Having a long-term commitment for participants in primary healthcare interventions could be beneficial for the reduction of diabetes risk and improvement of anthropometrics as shown at the 60 months follow-up, according to a study by researchers from NTNU and St Olav's Hospital Centre of Obesity who followed people in the risk group for five years. The findings were reported in the paper, ‘Preventing type 2 diabetes, overweight and obesity in the Norwegian primary healthcare: a longitudinal design with 60 months follow-up results and a cross-sectional design with comparison of dropouts versus completers’, published in BMJ Open.

"We're seeing that follow-up from the health services in Norwegian municipalities over a long period of time can help reduce the risk of developing diabetes 2 and improve people's health," explained Ingrid Sørdal Følling, a researcher at NTNU's Department of Health and Nursing. Følling works in the Centre for Obesity Research, Surgical Clinic at St Olavs Hospital in Trondheim.

All participants in the study had a BMI>25. The study started with 189 people, and about 70% completed the programme.

"The highest risk group at the start included 65 people. Of this group, more than 40%, or 27 people, reduced their risk to medium during the five years," says Følling.

Nine people already had symptoms of type 2 diabetes when they started, and six of them reduced their symptoms.
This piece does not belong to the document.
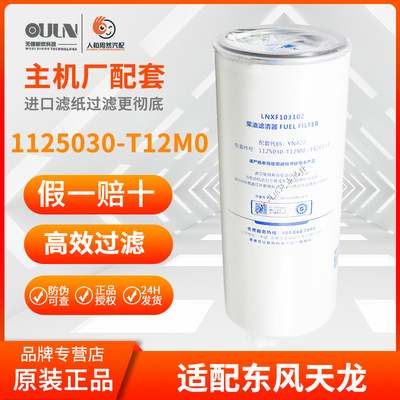 OULN滤清器1125030-T12M0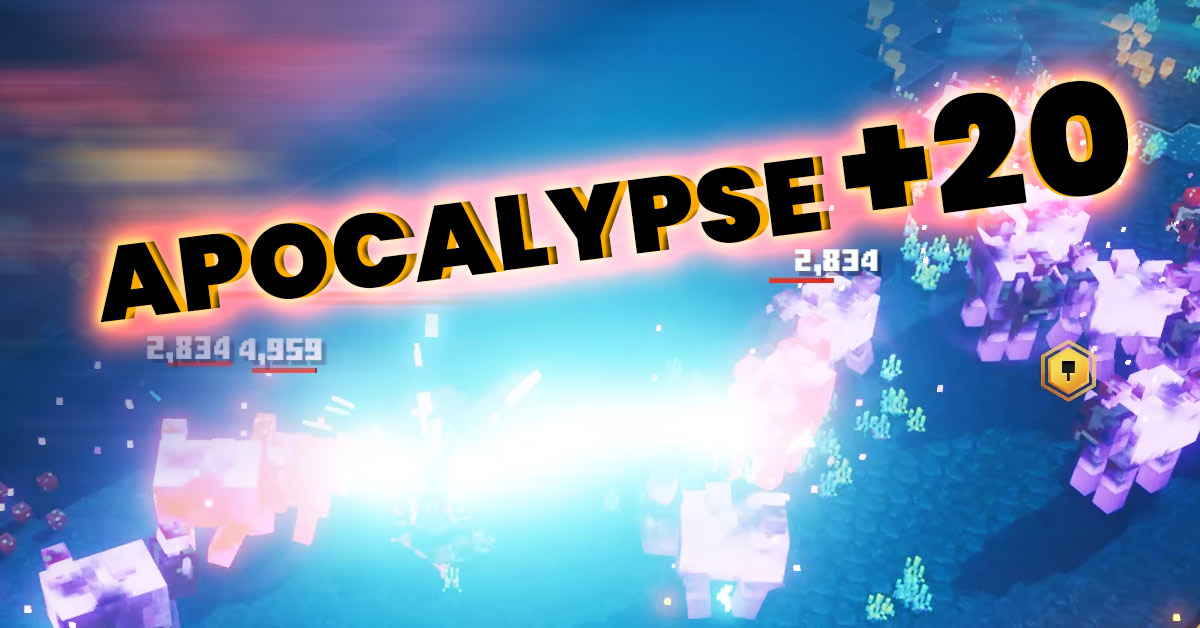 apocalypse plus 20 minecraft dungeons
Previous research has shown that simple lifestyle advice from people in the health care system does not reduce the risk of developing type 2 diabetes. However, the participants in this study were offered physical activity and dietary courses for one year, and were followed up with measurements over a long period, in the case of this study for a full five years. Having a long-term commitment appears to yield much better results.
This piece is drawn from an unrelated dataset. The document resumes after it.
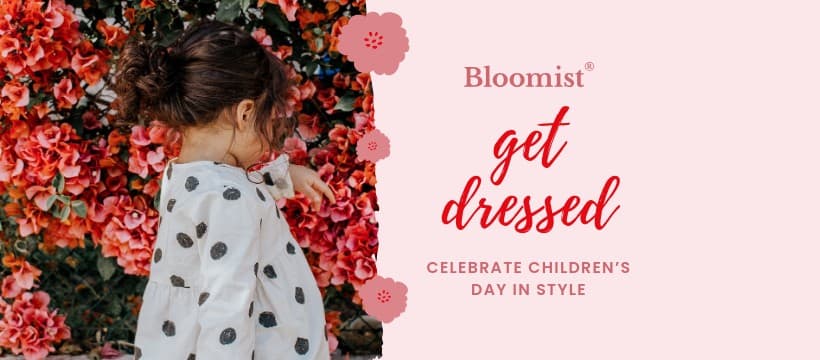 Celebrate Children's Day In Style Facebook Cover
Fifty-four of the participants dropped out during the five years, corresponding to just over 30%. Many of the youngest participants and those with the highest BMI, waist circumference and weight measurement were among the dropouts.

The researchers do not know exactly why these individuals chose not to carry on. There may be socio-economic reasons, since the people who did not participate for the length of the project had less education and fewer were employed. Another possible explanation is that the training and courses were scheduled during the day, which might have made it more difficult for younger people to participate.

Previous experience shows that people who most need the offerings to change their habits are more often the ones who do not take them up, or who quit the programme.